Skip to content

Running Soda Checks on a Specific Branch of an Iceberg Dataset

Soda Stack in DataOS allows you to validate data changes via running data quality checks on a specific branch. Soda seamlessly integrates with Iceberg to run checks on any branch by specifying the branchName parameter in the dataset configuration.

This approach is particularly useful for:

  • Validating data during development or staging phases.
  • Ensuring schema compatibility across branches.
  • Detecting anomalies before committing data to the main branch.

Sample Workflow Manifest

The following example demonstrates how to configure and run Soda checks on a specific Iceberg branch (b1) using the Soda Stack within DataOS.

name: soda-city-01
version: v1
type: workflow
tags:
  - workflow
  - soda-checks
description: Run Soda checks on a specific Iceberg branch
workspace: public

workflow:
  dag:
    - name: soda-job-v2
      title: Soda Sample Test Job
      description: Sample job to run Soda checks using the DataOS SDK
      spec:
        stack: soda+python:1.0
        compute: runnable-default
        resources:
          requests:
            cpu: 250m
            memory: 250Mi
          limits:
            cpu: 1000m
            memory: 250Mi
        logLevel: DEBUG # Options: WARNING, ERROR, DEBUG

        stackSpec:
          inputs:
            - dataset: dataos://lakehouse:retail/city?acl=rw
              options:
                branchName: b1  # Specify the Iceberg branch name
                engine: minerva
                clusterName: miniature

              profile:
                columns:
                  - "*"

              checks:
                - row_count between 10 and 1000:
                    attributes:
                      category: Accuracy
                      title: Validate total number of city records

                - missing_count(zip_code) = 0:
                    attributes:
                      category: Completeness
                      title: Ensure all records contain zip_code values

                - invalid_count(zip_code) < 1:
                    valid min: 500
                    valid max: 99403
                    filter: state_code = 'AL'
                    attributes:
                      category: Validity
                      title: Validate zip_code range for state 'AL'

                - duplicate_count(zip_code) = 0:
                    attributes:
                      category: Uniqueness
                      title: Ensure no duplicate zip_code values

                - duplicate_count(zip_code) > 10:
                    attributes:
                      category: Uniqueness
                      title: Identify high duplicate zip_code occurrences

                - duplicate_percent(zip_code) < 0.10:
                    attributes:
                      category: Uniqueness
                      title: Ensure less than 10% duplicate zip_codes

                - failed rows:
                    samples limit: 70
                    fail condition: zip_code < 18 AND zip_code >= 50
                    attributes:
                      category: Validity
                      title: Identify invalid zip_code entries

                - freshness(ts_city) < 1d:
                    attributes:
                      category: Freshness
                      title: Ensure data is updated within the last day

                - schema:
                    name: Confirm that required columns are present
                    warn:
                      when required column missing: [city_name, city_name]
                    fail:
                      when required column missing:
                        - city_id
                        - no_phone
                    attributes:
                      category: Schema validation
                      title: Validate presence of required schema columns

                - schema:
                    fail:
                      when forbidden column present: [Pii*]
                      when wrong column type:
                        state_code: DOUBLE
                    attributes:
                      category: Schema validation
                      title: Validate schema consistency and prevent PII columns

Attribute Details

Attribute Description
branchName Specifies the Iceberg branch on which to execute Soda checks.

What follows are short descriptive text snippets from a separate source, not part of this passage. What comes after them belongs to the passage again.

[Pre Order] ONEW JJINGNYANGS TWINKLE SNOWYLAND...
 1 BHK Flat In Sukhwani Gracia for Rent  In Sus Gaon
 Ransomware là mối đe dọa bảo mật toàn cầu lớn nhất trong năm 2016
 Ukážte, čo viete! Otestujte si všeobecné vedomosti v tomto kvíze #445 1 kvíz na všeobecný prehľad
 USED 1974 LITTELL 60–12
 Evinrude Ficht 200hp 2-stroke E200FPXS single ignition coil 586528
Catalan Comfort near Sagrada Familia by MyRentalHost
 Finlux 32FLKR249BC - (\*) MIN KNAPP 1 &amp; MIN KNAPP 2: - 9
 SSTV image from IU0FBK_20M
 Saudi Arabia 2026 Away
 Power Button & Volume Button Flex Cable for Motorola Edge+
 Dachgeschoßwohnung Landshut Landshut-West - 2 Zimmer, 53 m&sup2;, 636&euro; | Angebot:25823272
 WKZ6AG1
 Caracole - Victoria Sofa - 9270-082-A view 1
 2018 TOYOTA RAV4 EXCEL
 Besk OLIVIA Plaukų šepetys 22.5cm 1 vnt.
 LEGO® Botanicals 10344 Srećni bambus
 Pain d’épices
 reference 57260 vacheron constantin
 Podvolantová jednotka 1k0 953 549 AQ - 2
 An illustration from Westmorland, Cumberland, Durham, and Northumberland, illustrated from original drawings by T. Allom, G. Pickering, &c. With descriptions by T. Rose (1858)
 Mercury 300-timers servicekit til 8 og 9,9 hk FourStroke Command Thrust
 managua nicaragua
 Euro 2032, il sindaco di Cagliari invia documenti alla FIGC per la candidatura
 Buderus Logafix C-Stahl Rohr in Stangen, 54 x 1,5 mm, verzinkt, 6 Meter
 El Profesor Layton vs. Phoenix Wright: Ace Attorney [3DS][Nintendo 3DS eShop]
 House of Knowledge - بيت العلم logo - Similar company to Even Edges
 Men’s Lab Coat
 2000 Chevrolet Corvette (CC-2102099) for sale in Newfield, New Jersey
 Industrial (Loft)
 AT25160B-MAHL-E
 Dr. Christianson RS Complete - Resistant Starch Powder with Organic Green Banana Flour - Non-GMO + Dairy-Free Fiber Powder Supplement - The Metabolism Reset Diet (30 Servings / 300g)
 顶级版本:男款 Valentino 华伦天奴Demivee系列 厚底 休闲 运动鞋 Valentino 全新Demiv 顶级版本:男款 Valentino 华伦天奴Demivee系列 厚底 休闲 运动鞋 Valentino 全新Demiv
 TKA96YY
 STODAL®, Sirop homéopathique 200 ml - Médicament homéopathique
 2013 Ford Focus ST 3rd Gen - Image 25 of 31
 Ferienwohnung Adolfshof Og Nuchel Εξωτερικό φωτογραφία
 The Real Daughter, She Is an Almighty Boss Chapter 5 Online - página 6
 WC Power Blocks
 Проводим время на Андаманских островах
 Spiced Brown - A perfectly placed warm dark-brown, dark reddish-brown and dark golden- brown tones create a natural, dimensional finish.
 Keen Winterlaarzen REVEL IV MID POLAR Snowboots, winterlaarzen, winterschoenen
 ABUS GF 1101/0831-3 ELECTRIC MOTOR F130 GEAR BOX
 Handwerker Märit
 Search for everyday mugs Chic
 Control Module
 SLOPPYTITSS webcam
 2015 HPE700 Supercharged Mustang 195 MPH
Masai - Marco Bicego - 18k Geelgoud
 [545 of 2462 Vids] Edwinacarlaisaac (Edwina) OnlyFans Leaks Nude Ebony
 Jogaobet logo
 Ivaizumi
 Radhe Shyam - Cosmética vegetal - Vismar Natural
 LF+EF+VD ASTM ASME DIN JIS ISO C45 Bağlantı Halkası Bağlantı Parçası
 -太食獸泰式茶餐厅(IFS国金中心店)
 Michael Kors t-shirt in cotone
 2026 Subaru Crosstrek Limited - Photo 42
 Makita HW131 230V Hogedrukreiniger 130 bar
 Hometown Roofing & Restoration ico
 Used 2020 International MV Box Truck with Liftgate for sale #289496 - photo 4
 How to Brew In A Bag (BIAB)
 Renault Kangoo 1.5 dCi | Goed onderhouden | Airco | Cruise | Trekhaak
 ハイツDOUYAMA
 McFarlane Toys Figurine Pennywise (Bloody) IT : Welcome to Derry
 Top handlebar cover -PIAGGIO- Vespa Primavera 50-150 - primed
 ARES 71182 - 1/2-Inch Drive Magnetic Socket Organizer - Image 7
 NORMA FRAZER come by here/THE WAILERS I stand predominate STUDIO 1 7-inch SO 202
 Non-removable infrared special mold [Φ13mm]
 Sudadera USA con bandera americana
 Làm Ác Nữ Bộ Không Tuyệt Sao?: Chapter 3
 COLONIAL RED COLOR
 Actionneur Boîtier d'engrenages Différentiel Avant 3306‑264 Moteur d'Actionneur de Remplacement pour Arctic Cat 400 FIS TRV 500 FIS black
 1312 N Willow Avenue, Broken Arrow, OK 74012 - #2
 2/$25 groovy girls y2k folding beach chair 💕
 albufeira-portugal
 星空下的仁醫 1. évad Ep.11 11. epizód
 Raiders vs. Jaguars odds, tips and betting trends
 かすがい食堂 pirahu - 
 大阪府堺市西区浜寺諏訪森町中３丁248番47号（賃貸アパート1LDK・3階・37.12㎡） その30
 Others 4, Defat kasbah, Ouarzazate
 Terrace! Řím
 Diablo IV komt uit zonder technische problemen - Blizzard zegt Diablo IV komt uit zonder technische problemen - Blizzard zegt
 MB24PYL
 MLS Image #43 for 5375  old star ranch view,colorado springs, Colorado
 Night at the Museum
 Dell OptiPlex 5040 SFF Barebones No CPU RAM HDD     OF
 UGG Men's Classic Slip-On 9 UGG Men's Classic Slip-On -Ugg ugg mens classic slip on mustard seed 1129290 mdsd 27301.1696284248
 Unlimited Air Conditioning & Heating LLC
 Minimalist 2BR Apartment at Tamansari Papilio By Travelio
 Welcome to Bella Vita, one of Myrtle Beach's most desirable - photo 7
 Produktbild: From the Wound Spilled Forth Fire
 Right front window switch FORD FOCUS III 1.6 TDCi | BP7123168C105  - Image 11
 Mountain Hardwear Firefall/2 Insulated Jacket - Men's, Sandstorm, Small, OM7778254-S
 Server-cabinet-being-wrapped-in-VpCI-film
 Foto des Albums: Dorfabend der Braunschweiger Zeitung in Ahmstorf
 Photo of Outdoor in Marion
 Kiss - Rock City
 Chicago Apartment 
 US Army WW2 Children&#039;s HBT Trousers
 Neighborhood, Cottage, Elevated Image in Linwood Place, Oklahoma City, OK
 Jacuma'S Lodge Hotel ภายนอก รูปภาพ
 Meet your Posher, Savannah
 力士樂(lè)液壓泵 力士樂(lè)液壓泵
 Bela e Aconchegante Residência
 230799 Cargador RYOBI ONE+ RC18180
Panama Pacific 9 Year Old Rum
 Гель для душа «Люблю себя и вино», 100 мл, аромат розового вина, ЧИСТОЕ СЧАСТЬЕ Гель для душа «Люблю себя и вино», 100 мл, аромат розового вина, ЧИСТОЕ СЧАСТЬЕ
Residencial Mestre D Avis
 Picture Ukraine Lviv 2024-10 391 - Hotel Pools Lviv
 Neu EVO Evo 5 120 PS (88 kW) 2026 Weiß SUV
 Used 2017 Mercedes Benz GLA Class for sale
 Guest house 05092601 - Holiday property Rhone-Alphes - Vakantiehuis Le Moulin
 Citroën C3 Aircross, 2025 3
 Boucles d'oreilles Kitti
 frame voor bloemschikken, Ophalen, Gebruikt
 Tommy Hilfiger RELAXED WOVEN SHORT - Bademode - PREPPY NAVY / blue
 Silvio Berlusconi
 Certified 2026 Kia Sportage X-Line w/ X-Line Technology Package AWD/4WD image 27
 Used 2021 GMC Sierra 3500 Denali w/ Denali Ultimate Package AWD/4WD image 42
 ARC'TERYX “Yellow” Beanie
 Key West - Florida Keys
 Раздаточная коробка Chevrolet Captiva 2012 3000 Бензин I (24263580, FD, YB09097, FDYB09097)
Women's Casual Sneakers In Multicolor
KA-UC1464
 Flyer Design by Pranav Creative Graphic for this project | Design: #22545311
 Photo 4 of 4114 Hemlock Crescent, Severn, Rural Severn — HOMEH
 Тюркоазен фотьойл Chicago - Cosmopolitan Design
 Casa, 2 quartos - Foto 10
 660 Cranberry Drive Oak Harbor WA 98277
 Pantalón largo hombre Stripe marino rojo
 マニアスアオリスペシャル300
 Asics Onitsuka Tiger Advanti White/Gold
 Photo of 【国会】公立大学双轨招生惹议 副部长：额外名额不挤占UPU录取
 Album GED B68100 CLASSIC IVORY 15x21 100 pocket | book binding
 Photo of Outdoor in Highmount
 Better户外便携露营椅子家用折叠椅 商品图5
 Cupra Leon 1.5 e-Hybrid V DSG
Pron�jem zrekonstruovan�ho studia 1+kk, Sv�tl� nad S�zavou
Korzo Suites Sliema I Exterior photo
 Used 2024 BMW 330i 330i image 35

This allows validation of data changes in isolated environments.
engine Defines the query execution engine — minerva in this example.
profile Generates column-level profiling for the dataset. "*" means all columns are included.
checks Defines the Soda checks for accuracy, completeness, validity, uniqueness, freshness, and schema validation.
resources Allocates CPU and memory resources for the job.
logLevel Controls verbosity for debugging and monitoring (options: WARNING, ERROR, DEBUG).